Novantanove anni fa Franz Kafka pubblicava “L’artista del digiuno”, metafora sull’arte per i tempi di magra che stiamo vivendo
Artisti, cantanti, attori stanno, ormai da un anno, vivendo un periodo difficile. Niente musica, niente opera, niente teatro e, quel che è peggio, visto le nuove restrizioni, nessuna reale prospettiva di ripresa. La stagione è ormai totalmente compromessa e non si può che sperare nella stagione 2021 – 2022.
Franz Kafka nel 1922 racconta un “artista del digiuno” (Ein Hungerkünstler), che forse ben rappresenta la situazione attuale di chi si occupa, o vorrebbe occuparsi, di arte e spettacolo.
Il protagonista del racconto kafkiano espone infatti le sue privazioni, la sua fame: appeso in una gabbia digiuna per quaranta giorni di seguito per il voyeurismo del pubblico. Viene sorvegliato affinché non riesca a mangiare trasgredendo la sua missione, ma egli è un artista coscienzioso, onorato, non verrebbe mai meno al suo magistero del digiuno.
Egli potrebbe anche digiunare più a lungo, ma l’impresario ha notato che dopo quaranta giorni l’interesse del pubblico scema e perciò gli fa cambiare piazza e iniziare un nuovo periodo di fame.
Questi sacrifici, questa abnegazione artistica non servono però a salvarlo. Piano piano il pubblico lo abbandona, non riesce più ad apprezzare la sua arte fatta di privazioni estreme. L’artista finisce allora in un circo, esposto accanto agli animali e alle bestie feroci, fino ad essere dimenticato, lasciato morire in un angolo e sostituito da una pantera.
Kafka con la sua prosa altamente metaforica coglie la situazione dell’arte e dell’artista che non può vivere altrimenti, per il quale l’arte è vita, realizzazione, compimento. “Perché dovremmo ammirarti?”, chiede il responsabile del circo, la risposta è terribile e disarmante: “Perché devo digiunare, non posso altrimenti”.
Il parallelo fra la visione pessimista di Kafka e i tempi attuali è evidente: il teatro, l’opera vengono percepiti come inutili, ridondanti, orpelli da baraccone delle meraviglie. L’artista contemporaneo deve essere avvezzo al digiuno artistico, che per molti oggi si trasforma anche in fame materiale, nella necessità di fare altro.
Quello che fa più male, oggi come allora, è l’incomprensione: “Egli poteva digiunare bene quanto voleva, e lo faceva, ma niente poteva più salvarlo, il pubblico passava oltre. Provate a spiegare a qualcuno l’arte del digiuno!”

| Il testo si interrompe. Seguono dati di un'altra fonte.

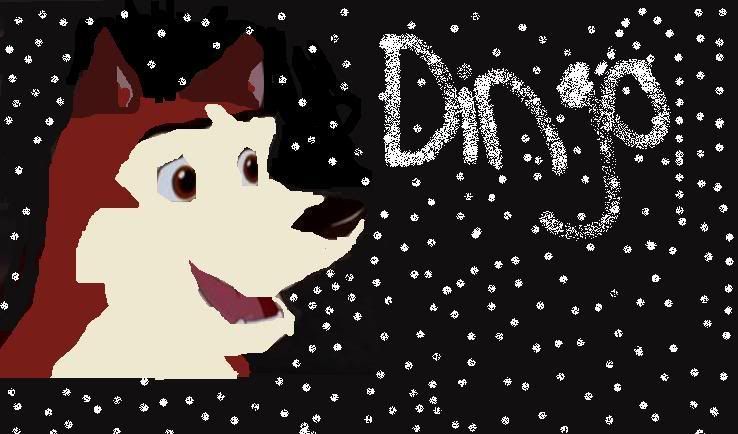 DingoHusky
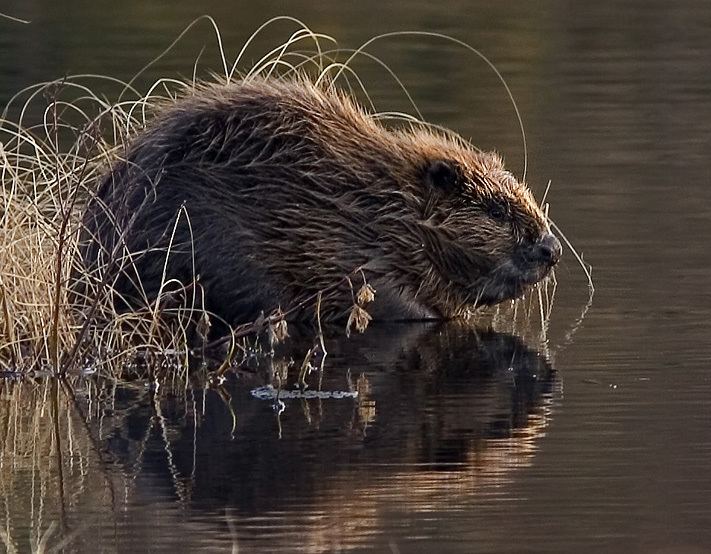 List of mammals of Lithuania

Purtroppo non c’è consolazione per l’artista, Kafka almeno non ne vede: “Invero egli era sicuro, che anche per l’arte del digiuno sarebbe ritornato il tempo propizio, ma per i viventi non era certo una consolazione”.
Tornerà l’età dell’oro? Speriamo di esserci.
R. Malesci
Citazioni: da Franz Kafka, Ein Hungerkünstler, in Sämtliche Werke, Shurkamp Verlag, Francoforte sul Meno, 2008, traduzioni dell’autore.